Ragionare su questo presupposto può aiutare a comunicare il marcio di ogni guerra, nessuna esclusa, neanche quelle che vengono spacciate come giuste, necessarie, sante. Ossimori raccapriccianti».
Parlare di guerra oggi è diverso rispetto a dieci o venti anni fa?
«Siamo in un mondo in cui un pazzo al potere, e ce ne sono in giro, se schiaccia un pulsante può scatenare catastrofi che l’umanità non ha mai sperimentato. Lo dicono gli scienziati, gli esperti, non idealisti dell’ultima ora. Ecco, parlare di pace significa far capire che oggi la guerra non possiamo più permettercela. Poi ci sono le guerre che non si combattono con le armi».
Quelle commerciali?
«Al di là delle guerre commerciali, le più invisibili, per me l’ultima forma degenere che ha preso la guerra è stata quella contro i migranti. Una guerra che stiamo combattendo anche nel nostro Paese. Non volano bombe, non si alzano missili, ma di morti se ne fanno, e parecchi».
Come influenzare i potenti della terra che si dimostrano guerrafondai?
«Ci sono le elezioni per punirli.

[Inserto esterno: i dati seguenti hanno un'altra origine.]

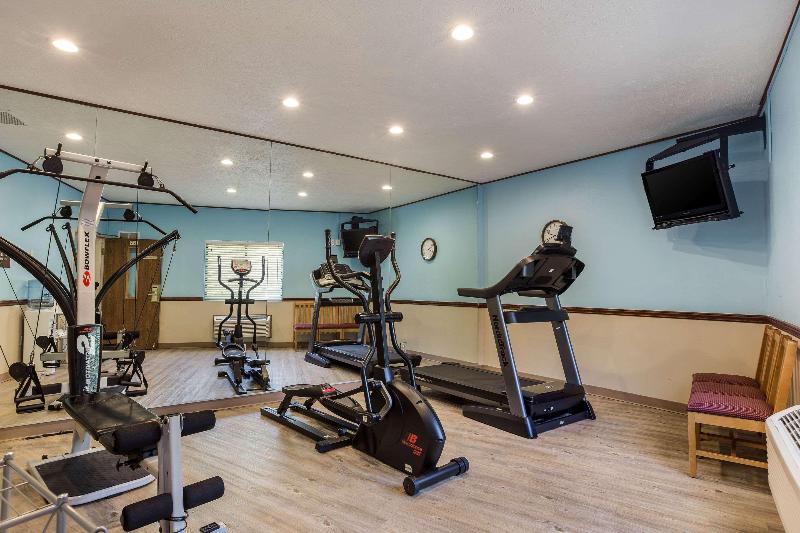 Quality Inn Petoskey Area image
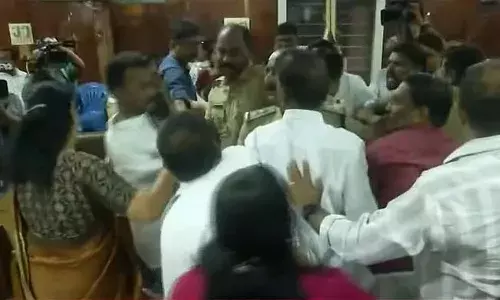 സ്പെഷ്യല്‍ സ്‌കൂളിന് ഹെഡ്ഗേവാറിന്റെ പേര് നല്‍കിയതില്‍ വിവാദം കൊഴുക്കുന്നു;  പാലക്കാട് നഗരസഭയില്‍ കൗണ്‍സിലര്‍മാര്‍ തമ്മില്‍ കൂട്ടയടി; കൗണ്‍സിലര്‍ കുഴഞ്ഞുവീണു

La prima dichiarazione di ogni politico dovrebbe essere la sua posizione rispetto alla guerra. Dirsi se è alieno o no da questa tentazione, ossia che non vi cederà mai. Non basta dirsi pacifisti, io per esempio non mi sento pacifista».
Come è possibile?
«In Italia ho assistito a tanti cortei di politici e gente comune che sfilavano inneggiando al pacifismo, per moda o per apparire migliori di quello che erano. E poi magari in Parlamento quel deputato votava la guerra e quel pacifista con la sciarpa arcobaleno al collo, davanti alla televisione, esultava per un massacro. Bisogna dire di essere contro ogni guerra, di qualsiasi genere e per qualsiasi natura».
L’orrore della guerra come si può comunicare?
«Andando in tante scuole e mostrando le fotografie dei massacri. Bisognerebbe introdurre libri di testo scolastici di educazione alla pace in cui si racconta la guerra, con testimoni che l’hanno vissuta di persona, e pubblicando le immagini più forti di quello che significa saltare su una mina o trovarsi in mezzo a un’incursione aerea. Lo dico con dispiacere, ma credo sia arrivato il momento».